The Rotation operator allows you to control particle orientations.
Inherit previous: uses the current value of a particle’s orientation as the start value.
Random 3D: uses a random orientation as the start value.
Random horizontal: uses a random orientation around the world’s Z-Axis as the start value.
World space: uses a world-aligned orientation as the start value.
Travel direction: uses an orientation aligned to the particle’s velocity as the start value.
Custom vector direction: uses an orientation aligned to a custom data channel as the start value.
Surface align: uses an orientation aligned to the closest point on a scene object’s surface mesh as the start value.
Parent align: uses an orientation aligned to the parent of each particle, if the particle has a parent.
Sibling align: uses an orientation aligned to the adjacent sibling of each particle, if such a sibling exists.
Look-at: uses an orientation directed towards the closest point on an input object as the start value.
Align to neighbors: uses an orientation directed towards the particle’s neighbors as the start value.
Align to binding neighbors: the orientation will be derived using a closest-fit approach to match the layout of the particle’s binding neighbors relative to their layout on the previous frame.
When doing a grain simulation, the Particle Bind Solver will adjust particle positions based on their bindings network, but will not adjust particle rotations at all. This is by design since the Particle Bind Solver is a simple mass-spring solver that does not take rotations into consideration. However, this means that while the overall structures of particles may rotate during the solve, individual particle orientations will not change. This can look strange in closeup. By enabling “Align to binding neighbors”, the Rotation operator will attempt to match the orientation of particles to the relative orientation of the cloud of particles they are bound to. This is a fairly effective way of keeping particle positions and orientations in sync when utilizing the Particle Bind Solver. Note: particles require at least 3 active bindings on current and prior frames in order for the alignment algorithm to activate on any given frame.
A particle must have at least 2 binding neighbors in order to be affected by the binding neighbors mode.

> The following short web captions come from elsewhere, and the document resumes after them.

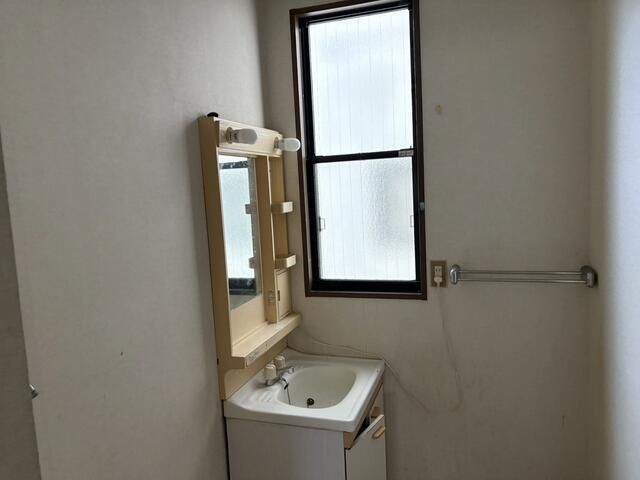 4LDK House for Sale in Kirishima, Kagoshima with Parking - Image 29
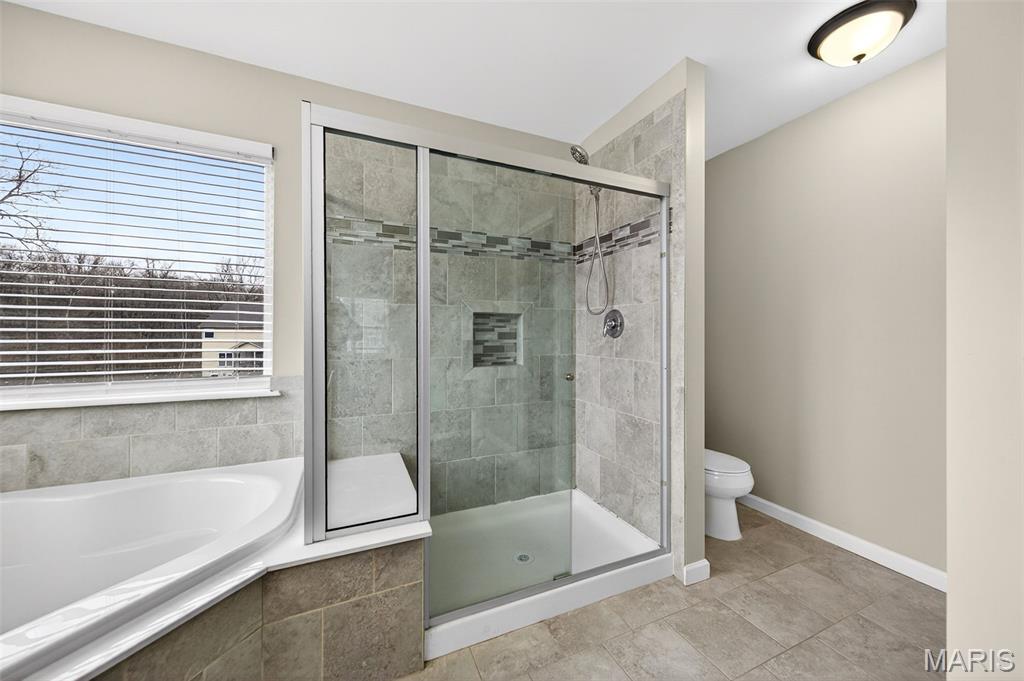 Charbonier On The Park Ph 1 - Residential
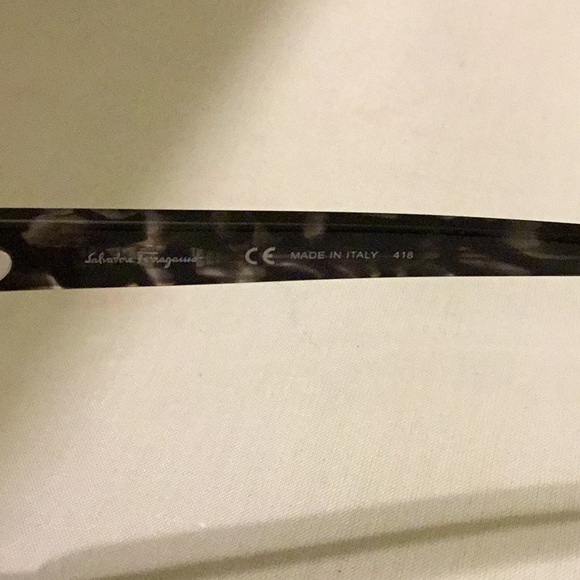 COPY - SALVATORE FERRAGAMO SUNGLASSES. - Picture 6 of 9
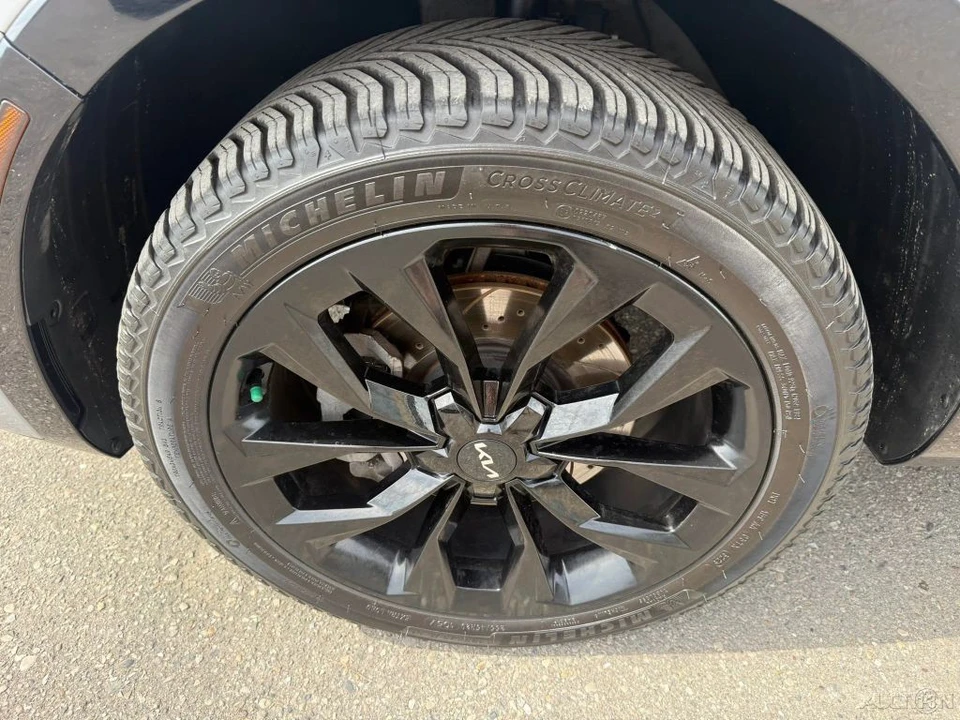 2022 Kia Sorento - Image 8 of 12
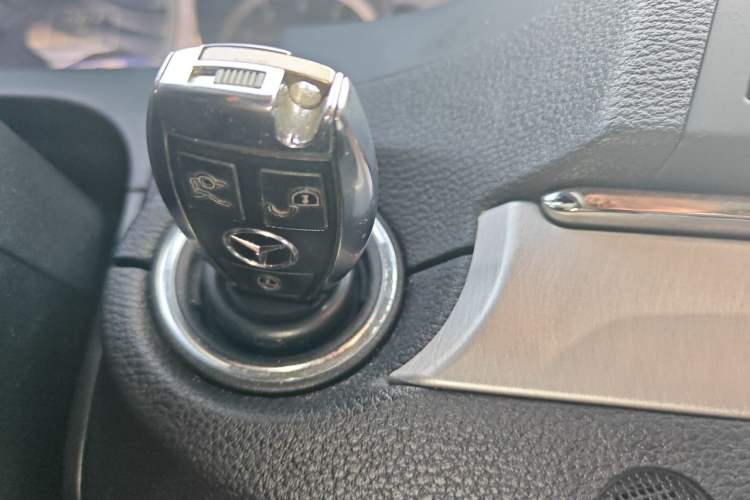Used Mercedes-Benz E-Class 2011 E 260 CGI Coupe Vehicle Key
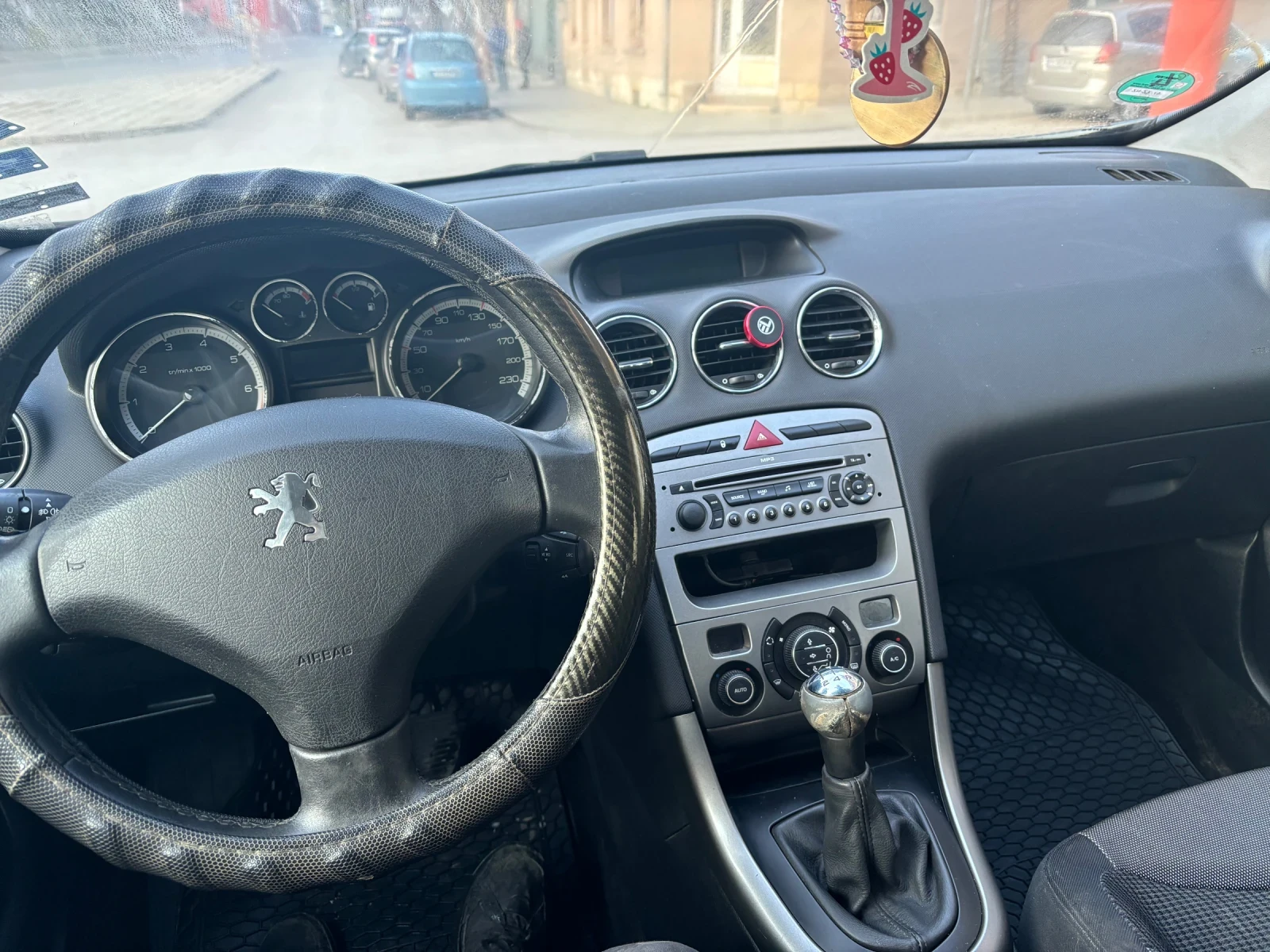 Peugeot 308 1.6i - изображение 8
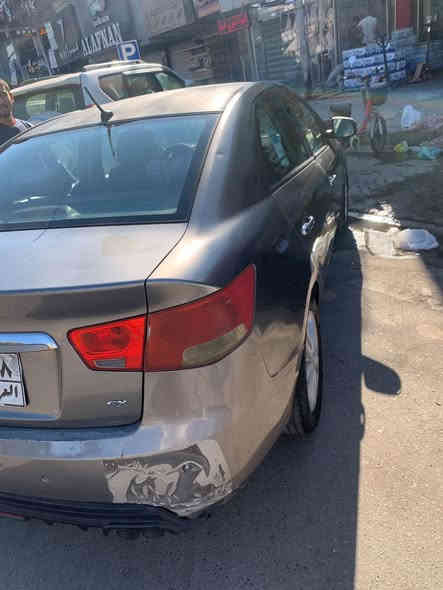 من رخصت الادمن

السلام عليكم حبايب
سيراتو 2010
نص فول 
خليجي
مبدل صندوك
السيارة بسم ولد كردي يحول بورقتين
ورقم قديم (معاملة)
وعليها مخالفات ( مليون واربعمية) 

(مكان السيارة حي الجهاد /العامرية)

المهم حبايب ذني كلهن على اليشتري 
السعر 70 
الاتصال 0770 031 7482
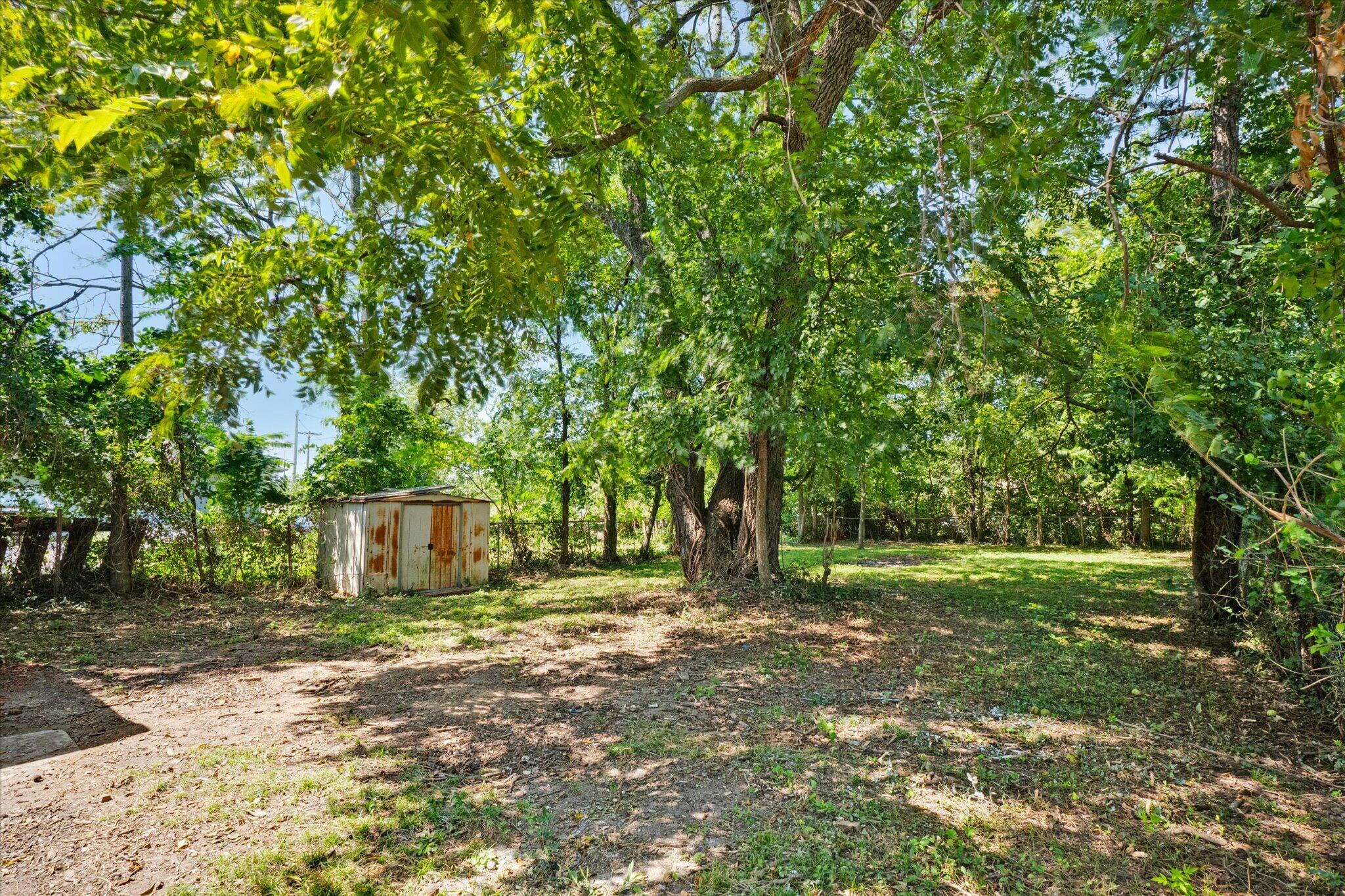 1311 North Johnston Avenue Property Photo 27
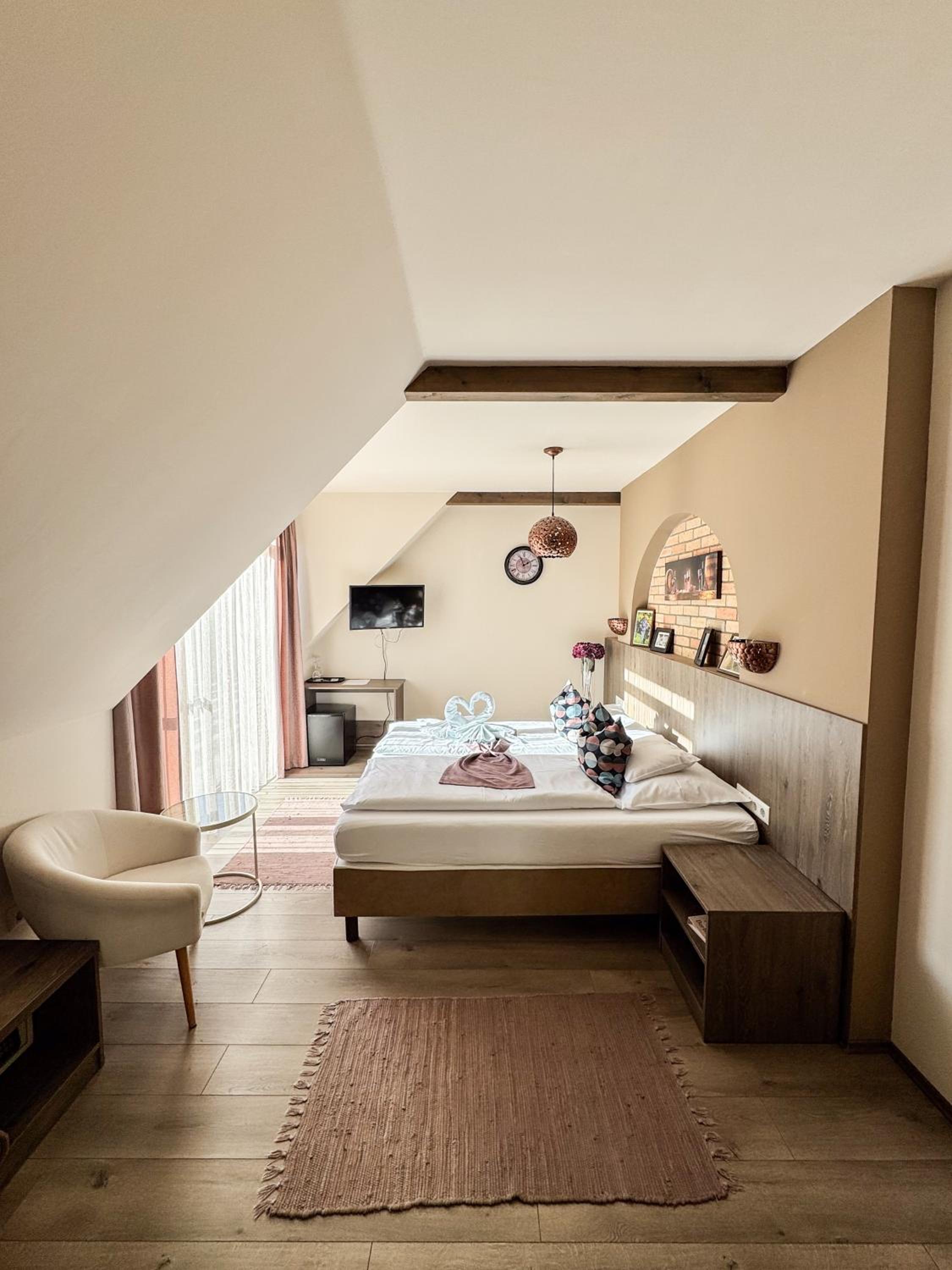Deluxe Double or Twin Room photo 1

Closest edge on shape: the orientation will be derived from the vector defined by the closest edge on the particle shape to the particle location.
Closest face on shape: the orientation will be derived from the vector defined by the closest face normal on the particle shape to the particle location.
Shape-oriented bounds: the orientation will be derived from the oriented bounding box of the particle shape mesh. The longest axis of the bounding box will be the up vector of the rotation matrix, and the second longest axis will be the forward vector.
Disabling this setting has the effect of orientating the particle’s transform without changing the orientation of the particle’s mesh. In other words, it’s akin to rotating the particle’s pivot.
Disabling “affect particle shape orientation” can have a big impact on memory usage and performance, because each particle’s mesh will have to be manually adjusted in order to compensate for the particle’s orientation change.
X/Y/Z: controls the amount of offset applied to starting orientations, along each axis.
Divergence: controls the degrees of random divergence to apply to starting orientations.
Restrict diverg. to axis: restricts the amount of divergence applied to each axis.
Value: the amount to interpolate particle orientations from their previous value to the new value.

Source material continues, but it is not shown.